Link: https://github.com/cloudevents/spec

CDEvents Specification

This is a popular specification for Continuous Delivery events, extending CloudEvents by introducing purpose and semantics to the event data.

It shows how a standard is built on top of another standard (CloudEvents), specializing the common metadata for a specific domain (CI/CD provenance and flow).

Link: https://github.com/cdevents/spec

2. Provenance and Data Tracking Standards

These projects relate to provenance aspects, focusing on tracking the history, inputs, and derivation of data.

PROV-CPL (Core Provenance Library)

This is the Core Provenance Library for collecting data provenance with multiple language bindings (C/C++, Java, Python, R). It uses the W3C PROV standard as its foundation.

It demonstrates a multi-language implementation of a provenance standard, providing APIs to record who/what/when/where data was created, which is central to provenance.

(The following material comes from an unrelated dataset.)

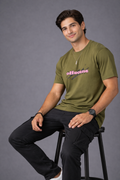 Snubby Graphic Tee - 100% Cotton | Everyday Statement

Link: https://github.com/ProvTools/prov-cpl

3. General Data Schemas and Monorepo Structure

These focus on using JSON Schema to define strict data structures and managing them in a versioned repository.

JSON Schema Specification

This is the official specification for JSON Schema, a declarative language used to annotate and validate JSON documents.

This foundational tool is by many standards (including CloudEvents) to define specific fields and types. This repo illustrates how a core schema standard is defined and versioned.

Link: https://github.com/json-schema-org/json-schema-spec

Consumer Data Standards (Australian DSB Schemas)

This repository holds a collection of JSON schema files derived from the Australian Consumer Data Standards, used for robust schema validation in banking and energy sectors.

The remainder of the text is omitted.